Static Properties and Current-Driven Dynamics of Domain Walls in Perpendicular Magnetocrystalline Anisotropy Nanostrips with Rectangular Cross-Section

The current-induced domain wall motion along thin ferromagnetic strips with high perpendicular magnetocrystalline anisotropy is studied by means of full micromagnetic simulations and the extended one-dimensional model, taking into account thermal effects and edge roughness. A slow creep regime, where the motion is controlled by wall pinning and thermal activation, and a flow regime with linear variation of the DW velocity, are observed. In asymmetric stacks, where the Rashba spin-orbit field stabilizes the domain wall against turbulent transformations, the steady linear regime is extended to higher currents, leading to higher velocities than in single-layer or symmetric stacks.
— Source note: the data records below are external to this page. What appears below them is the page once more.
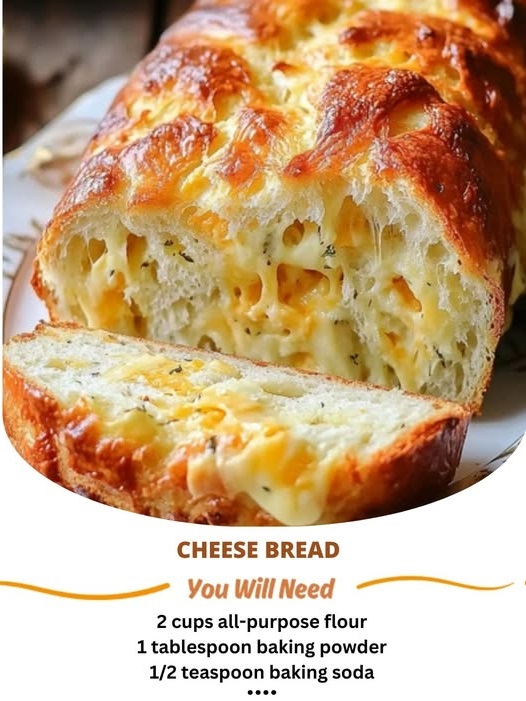 "Golden, freshly baked cheese bread with a crispy crust, oozing melted cheese from the center, sliced and served on a wooden board."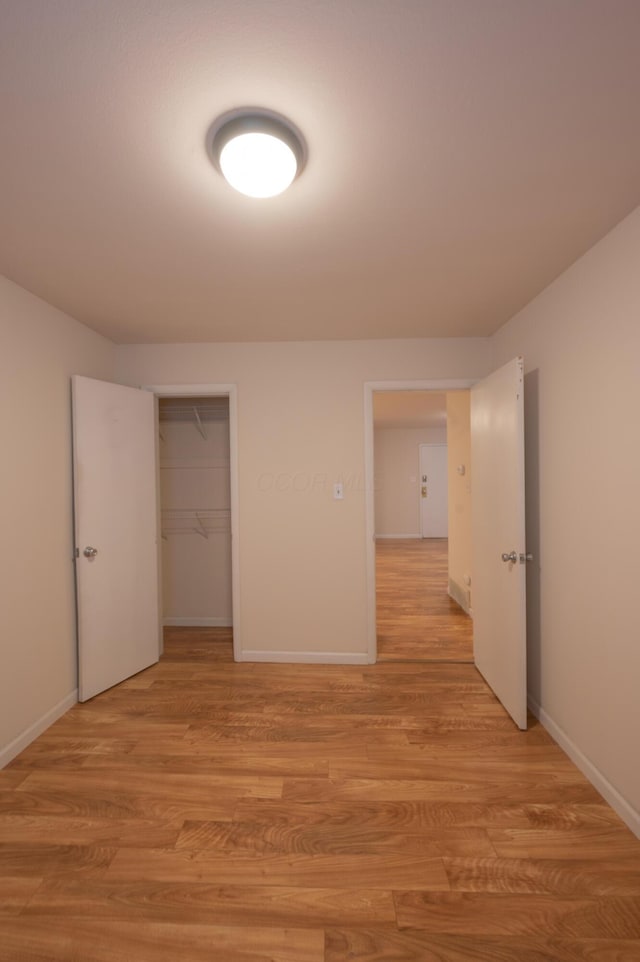 433 E 13th Ave, Columbus, OH 43201 - corridor featuring light wood-style flooring and baseboards
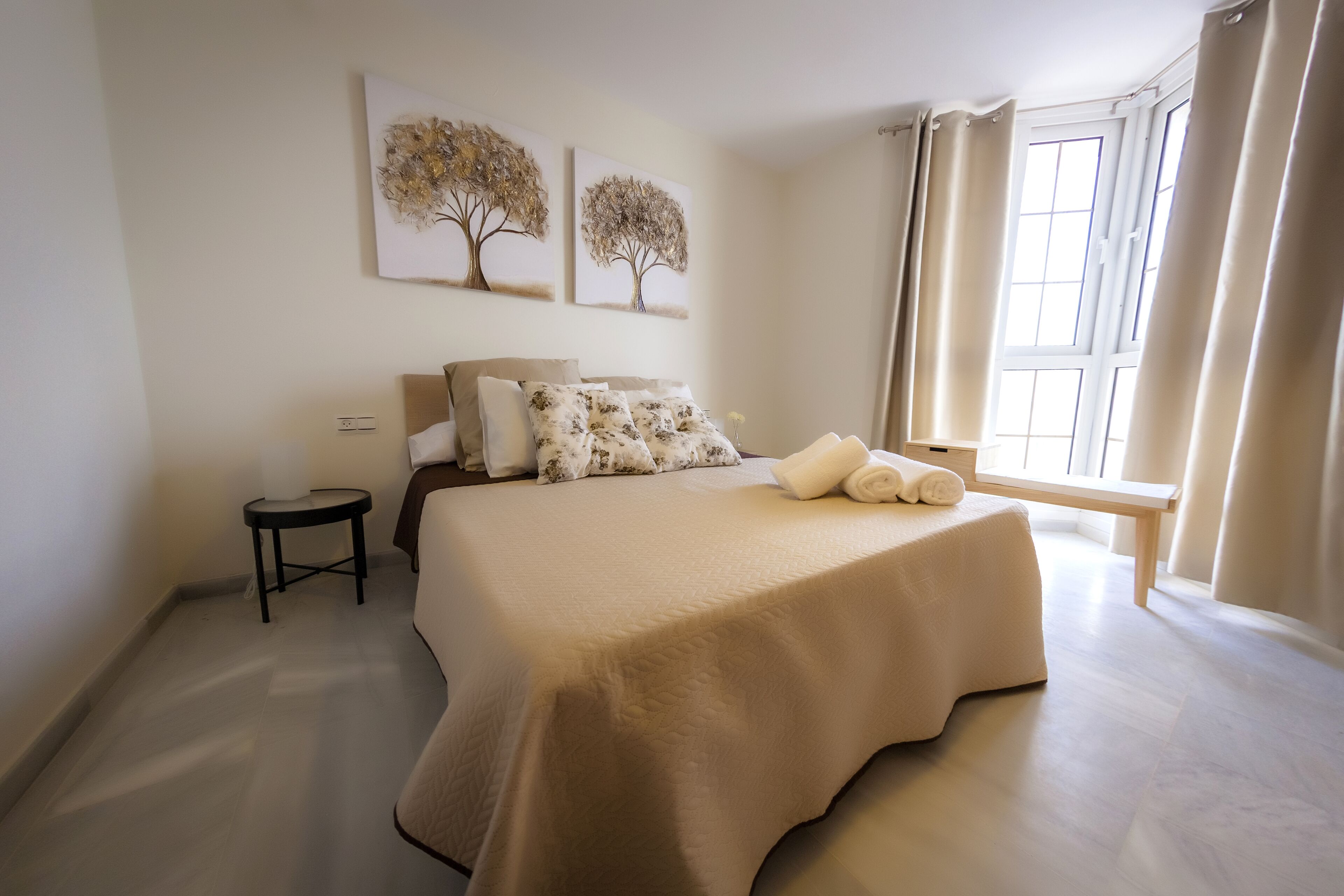 Un dormitorio con una cama grande, una mesita de noche, un taburete pequeño y dos cuadros colgados en la pared.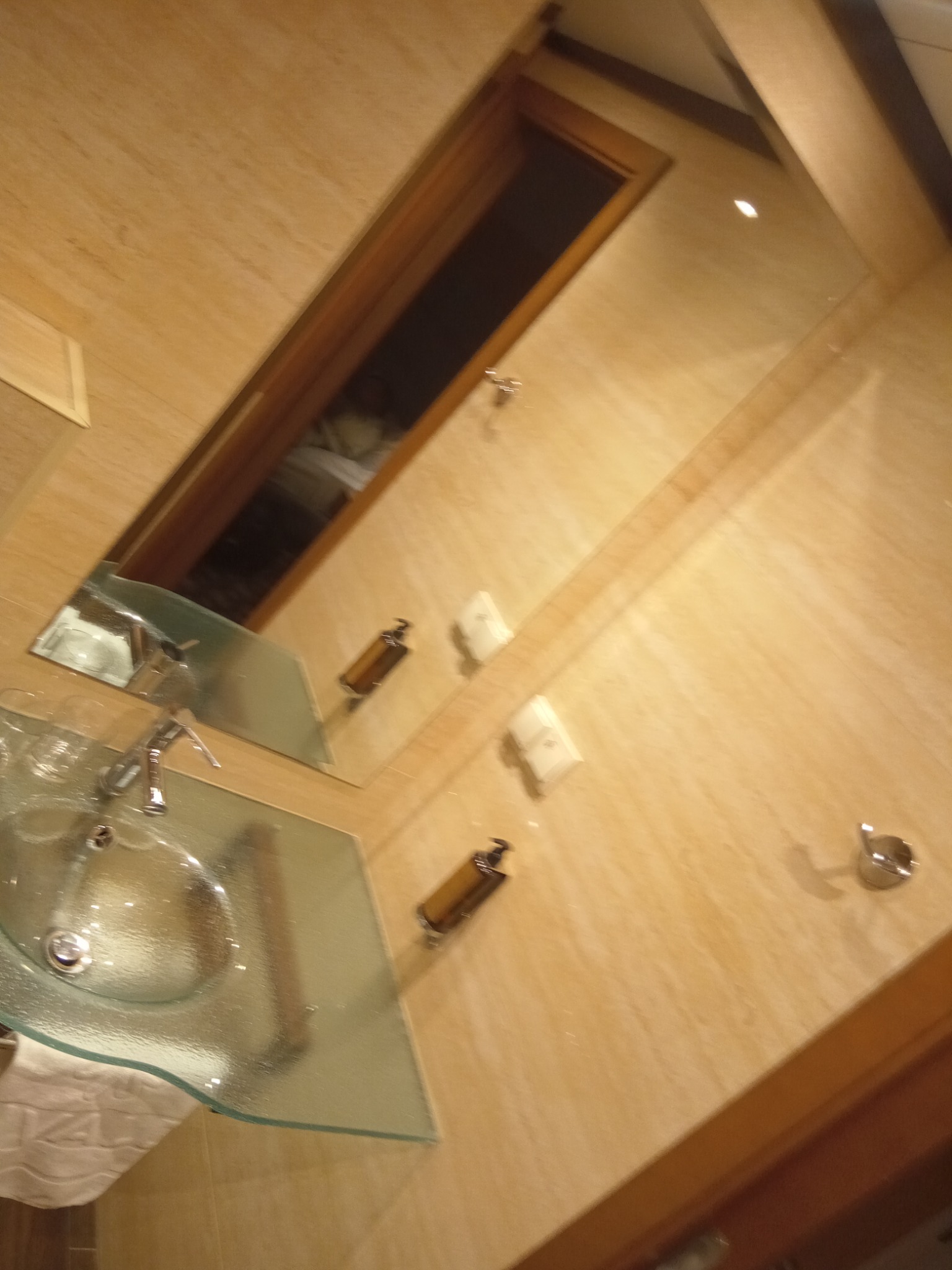 Umywalka ze szklanym blatem w łazience wyłożonej płytkami imitującymi drewno, widoczne dozowniki mydła i lustro odbijające wnętrze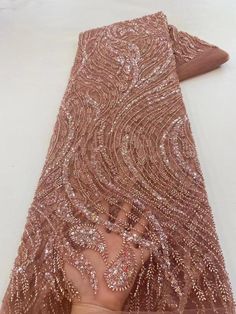 This high quality Fabric is measured in 5 Yards With Embroidered Beading and Sequin. It is soft, very delicate and beautiful. This high Quality Fabric is made with Fashion embroidered rhinestones can be used in making party wedding dresses, skirts, shawls, scarves and other other fashion apparels as you would like. Size : Length : 5 yards (180 inch). Width: 50 inch (Please allow slight deviation for the measurement data ,±1 inch) Material: 100% Polyester, Tulle Lace Fabric, Eco-Friendly embroide Glamorous Fitted Embroidered Fabric For Wedding, Elegant Fitted Tulle Fabric With Pearl Embroidery, Elegant Sparkling Tulle Fabric For Evening, Elegant Embroidered Fabric With Rhinestones For Party, Elegant Pearl Embroidered Tulle Fabric For Party, Elegant Tulle Fabric With Pearl Embroidery For Party, Elegant Beaded Tulle Fabric, Elegant Embellished Tulle Fabric For Party, Elegant Embellished Fitted Tulle Fabric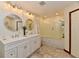 Bright bathroom featuring double vanity sinks, modern lighting, and a glass-enclosed shower/tub combo at 1010 Lakewood N Dr, Brownsburg, IN 46112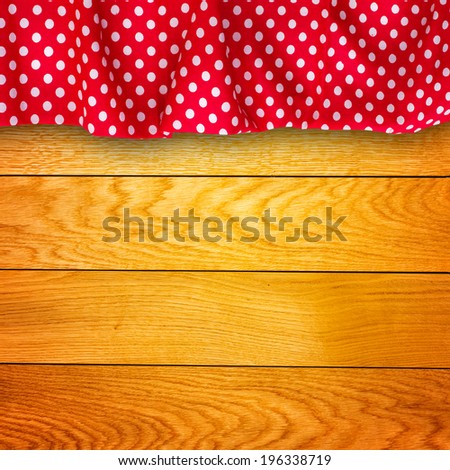 Wood texture background. Pure notebook for recording menu, recipe on red checkered tablecloth tartan. Wooden table close up view from top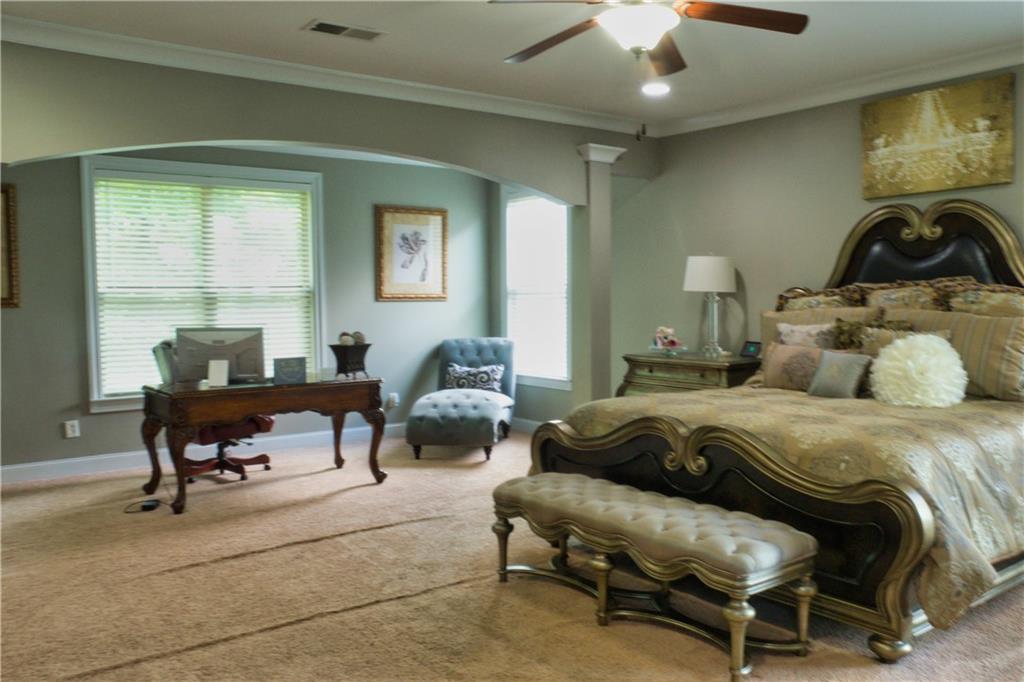 5639 Sunbury Loop Evans, GA 30809 - Photo 12 of 22 a bedroom with a bed and a chandelier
The pinning and depinning at and from a local constriction were also studied. The results indicate that engineering pinning sites in these strips provide an efficient pathway to achieve both high stability against thermal fluctuations and low-current depinning avoiding Joule heating. Finally, the current-driven dynamics of a pinned domain wall is examined, and both the direct and the alternating contributions to the induced voltage signal induced are characterized. It was confirmed that the direct contribution to the voltage signal can be linearly enhanced with the number of pinned walls, an observation which could be useful to develop domain-wall-based nano-oscillators.